Le telecamere di Sky TG24 sono entrate nell’ospedale Amedeo di Savoia di Torino, specializzato in malattie infettive, dove vengono condotti i prelievi mediante tampone per il test del coronavirus Sars-Cov-2 (LE ULTIME NOTIZIE IN DIRETTA). Come ha spiegato Valeria Ghisetti, direttrice del laboratorio di Microbiologia e Virologia, il set per il prelievo consiste di un tampone molto sottile alla cui estremità è presente “una parte cosiddetta floccata”, composta da tanti piccoli fili di cotone che consentono di recuperare le cellule delle vie aeree, “che sono quelle attaccate dal virus”.

L’inattivazione del virus

In seguito, i tamponi effettuati vengono portati nel laboratorio di Microbiologia e Virologia dell’Ospedale Amedeo di Savoia di Torino, dov’è possibile entrare solo indossando calzari, camice e mascherina. Si tratta di precauzioni necessarie, in quanto il laboratorio è un’ambiente sterile e i campioni sono potenzialmente infetti. “Una volta che i tamponi arrivano in questo laboratorio, devono essere processati in primo luogo per inattivare il virus, ossia ucciderlo”, spiega la dottoressa Valeria Ghisetti. “Questo processo, che dura circa 15 minuti, viene fatto sotto delle cappe di biosicurezza di livello 2 da operatori che indossano degli appositi abiti protettivi.

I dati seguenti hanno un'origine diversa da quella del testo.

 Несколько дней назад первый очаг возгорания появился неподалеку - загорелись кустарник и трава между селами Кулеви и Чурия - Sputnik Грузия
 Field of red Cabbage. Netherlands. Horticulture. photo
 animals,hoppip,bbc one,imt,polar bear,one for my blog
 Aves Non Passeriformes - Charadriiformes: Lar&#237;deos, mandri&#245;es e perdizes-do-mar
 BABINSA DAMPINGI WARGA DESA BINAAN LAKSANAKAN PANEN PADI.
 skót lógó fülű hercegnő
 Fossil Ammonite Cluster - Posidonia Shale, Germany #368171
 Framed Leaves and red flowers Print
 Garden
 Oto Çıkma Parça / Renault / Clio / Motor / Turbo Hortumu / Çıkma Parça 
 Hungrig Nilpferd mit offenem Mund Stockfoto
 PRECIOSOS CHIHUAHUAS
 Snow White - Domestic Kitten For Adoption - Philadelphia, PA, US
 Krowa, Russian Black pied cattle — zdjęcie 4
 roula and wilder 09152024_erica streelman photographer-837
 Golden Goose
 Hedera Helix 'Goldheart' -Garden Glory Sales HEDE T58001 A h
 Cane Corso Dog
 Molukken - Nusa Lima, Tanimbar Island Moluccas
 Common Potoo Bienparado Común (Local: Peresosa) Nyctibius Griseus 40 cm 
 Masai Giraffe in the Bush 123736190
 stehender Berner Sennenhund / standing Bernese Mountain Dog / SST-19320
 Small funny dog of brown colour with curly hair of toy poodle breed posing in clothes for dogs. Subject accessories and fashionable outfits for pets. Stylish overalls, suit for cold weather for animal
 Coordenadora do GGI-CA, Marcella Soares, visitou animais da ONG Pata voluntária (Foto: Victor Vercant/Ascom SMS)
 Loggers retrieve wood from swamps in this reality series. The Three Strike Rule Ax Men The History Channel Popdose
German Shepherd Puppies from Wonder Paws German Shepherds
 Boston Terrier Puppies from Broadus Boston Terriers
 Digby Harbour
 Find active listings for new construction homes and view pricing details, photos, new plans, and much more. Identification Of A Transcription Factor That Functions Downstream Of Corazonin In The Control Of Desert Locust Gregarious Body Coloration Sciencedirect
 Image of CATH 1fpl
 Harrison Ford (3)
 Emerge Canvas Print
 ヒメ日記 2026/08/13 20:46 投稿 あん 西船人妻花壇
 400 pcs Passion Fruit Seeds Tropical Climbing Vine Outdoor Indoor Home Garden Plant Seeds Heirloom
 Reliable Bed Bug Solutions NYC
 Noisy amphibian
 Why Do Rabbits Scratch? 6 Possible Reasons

Si tratta della fase più rischiosa, in quanto all’interno del tampone il virus è ancora vivo”, prosegue l’esperta. Dopo aver inattivato l’agente virale con dei detergenti procediamo all’estrazione del suo Rna, che avviene automaticamente all’interno di un sistema chiuso”, aggiunge l’esperta. La durata di questa prima fase è di circa un’ora e mezza.

La reazione di amplificazione

La seconda fase del processo si svolge nel laboratorio in cui gli esperti allestiscono la reazione di amplificazione sull’Rna del virus precedentemente estratto. In questo locale è presente un solo operatore, perché il lavoro da svolgere, condotto su delle microquantità, richiede la massima attenzione. Una volta trattati, i campioni vengono inseriti in un apposito macchinario che li analizza per due ore e mezzo: i risultati ottenuti vengono elaborati da un computer. “Nel complesso, l’intero processo richiede quattro ore e mezza”, spiega Ghisetti. Ogni giorno, nel laboratorio di biologia molecolare e virologia vengono analizzati circa una cinquantina di campioni. Si tratta di un lavoro complesso, che richiede molta concentrazione. “Abbiamo identificato un’equipe di persone che lavora esclusivamente sul coronavirus”, conclude l’esperta.